Pero por patético que resulte el incidente, que ha costado tantas pérdidas de vidas inocentes, lo más triste es que algunos partidos políticos están utilizando la desgracia colectiva para hacerse un hueco con el absurdo protagonismo del CUP, que supone nadar contra corriente negando el apoyo a las iniciativas de solidaridad entre las instituciones catalanas y el Estado, con la absurda acusación de que este financia el terrorismo. Lo cual resulta explícito para definir su catadura moral, ajena a toda acción de homenaje colectivo a las víctimas de la masacre.

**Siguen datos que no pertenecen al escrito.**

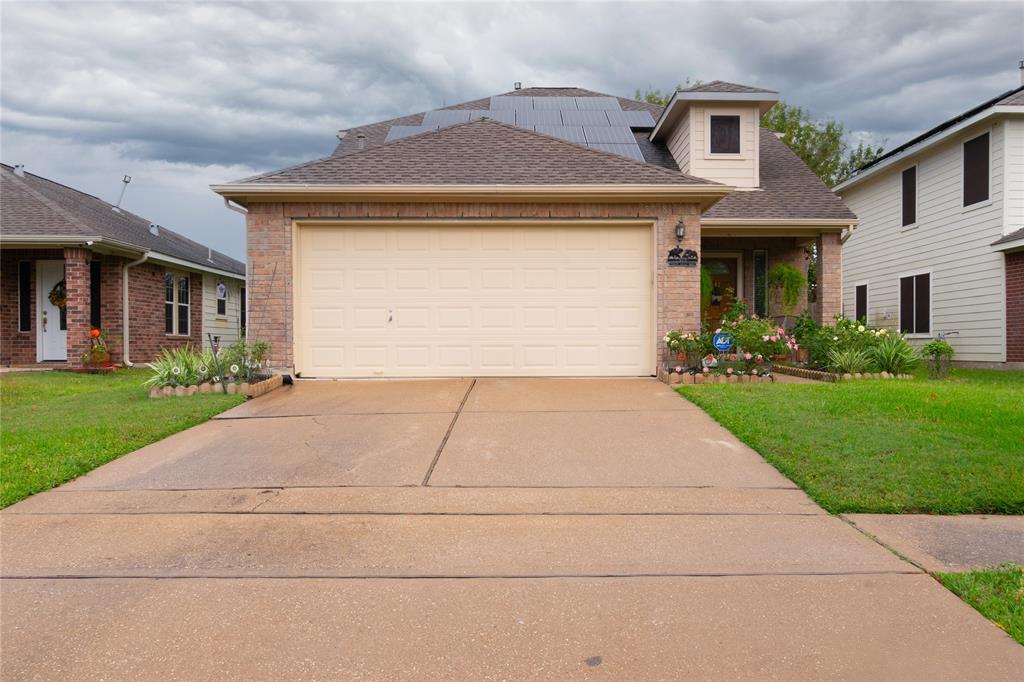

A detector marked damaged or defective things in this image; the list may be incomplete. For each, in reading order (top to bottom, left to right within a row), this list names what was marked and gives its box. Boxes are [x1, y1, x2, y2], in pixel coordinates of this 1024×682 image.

driveway crack [419, 376, 475, 483]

Pero no queda así la cuestión, porque a toda esta sinrazón absurda, en búsqueda febril de protagonismo, hay que añadir el torrente de noticias falsas difundidas a través de WhatsApp, por desaprensivos que se han regodeado en la desgracia ajena para protagonizar su absurdo minuto de gloria. Un comportamiento más propio de los que sólo son rémoras de esta sociedad, incapaces de tener un ápice de sensibilidad con la desgracia ajena.

De seguir presumiendo de tolerantes y civilizados, vamos a abonar el comportamiento radical de estas culturas que ya se están expandiendo por el mapa de los estados democráticos, como un mal imposible de erradicar, porque el fanatismo, aparte del odio que lleva consigo, sólo se alimenta del radicalismo más intransigente, que nutre y educa a una parte de la actual juventud formada en el culto a la intolerancia. La historia está sembrada de holocaustos contra la propia humanidad, y en vez de tomarlos como ejemplo a erradicar, seguimos cayendo en los mismos errores del pasado, porque siempre hay voces detestables que siguen incitando a repetirlos.